The company’s updated responsible AI standards emphasize accountability for who uses its services and more human oversight over where these tools are applied.

This means that Microsoft limits access to some features of facial recognition services while removing others entirely.

Users must apply to use Azure Face for facial recognition while telling Microsoft how and where their systems are deployed.

Some of the less harmful use cases (such as automatically blurring faces in photos and videos) remain open.

The company is also working to terminate Azure Face’s ability to identify traits such as gender, age, smile, facial hair, hair and makeup.

“Experts highlighted the lack of scientific consensus on defining emotions, challenges in how inferences are generalized across use cases, regions and demographics, and growing privacy concerns about this type of capability,” the company said.

The company will stop offering these features to new customers starting June 21. Existing customer access is canceled on June 30, 2023.

Microsoft limits face recognition

Microsoft has discontinued public access to these features.
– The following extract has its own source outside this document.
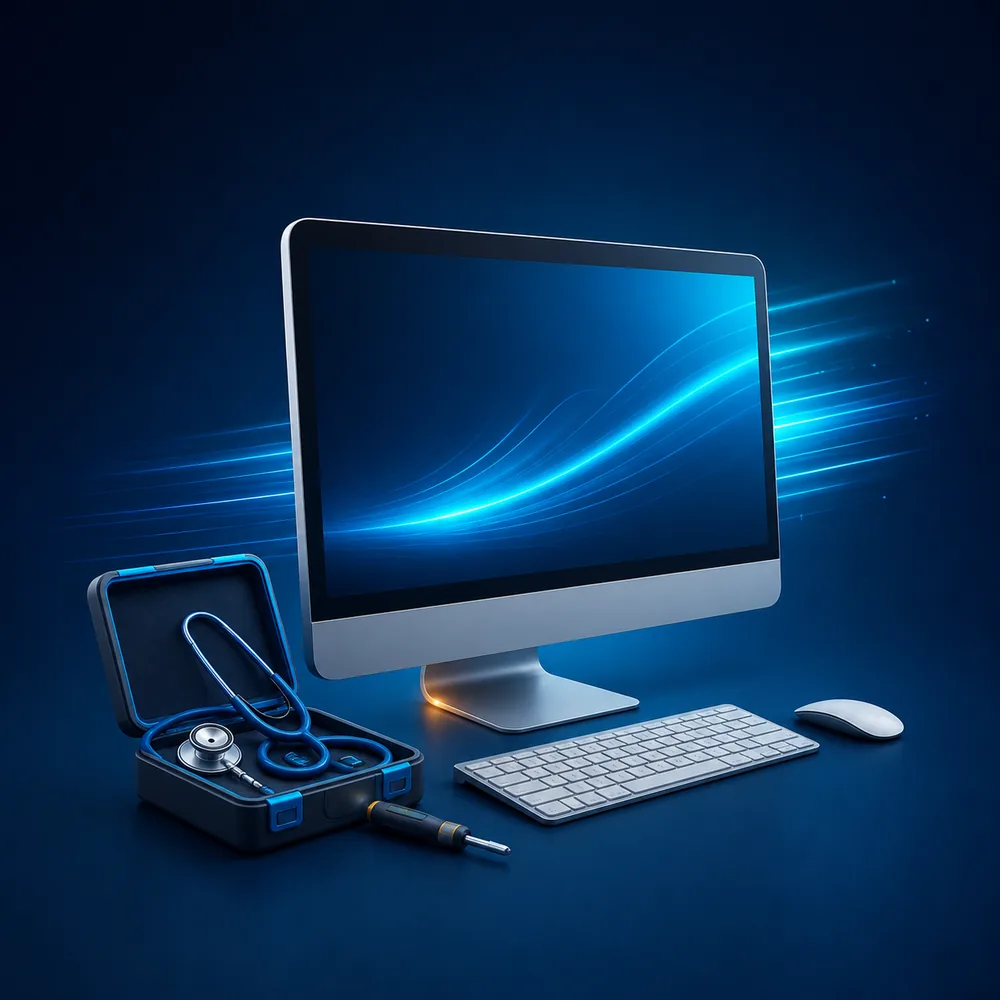 Computer mit Werkzeugen für PC- und Systemhilfe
But she continues to use it in her product called Seeing AI. This application uses computer vision to describe the world for people with visual impairments.

” Tools like sentiment recognition can be valuable when used for a range of controlled accessibility scenarios ,” Microsoft said .

The Custom Neural Voice feature, which allows customers to create AI voices based on recordings of real people, also had similar limitations.

The company explained that the tool has great potential in education, accessibility and entertainment. But it is easy to imagine how they could be used to improperly impersonate speakers and deceive listeners.

Microsoft limits access to the feature to managing customers and partners, while ensuring the active participation of the speaker when creating an artificial voice.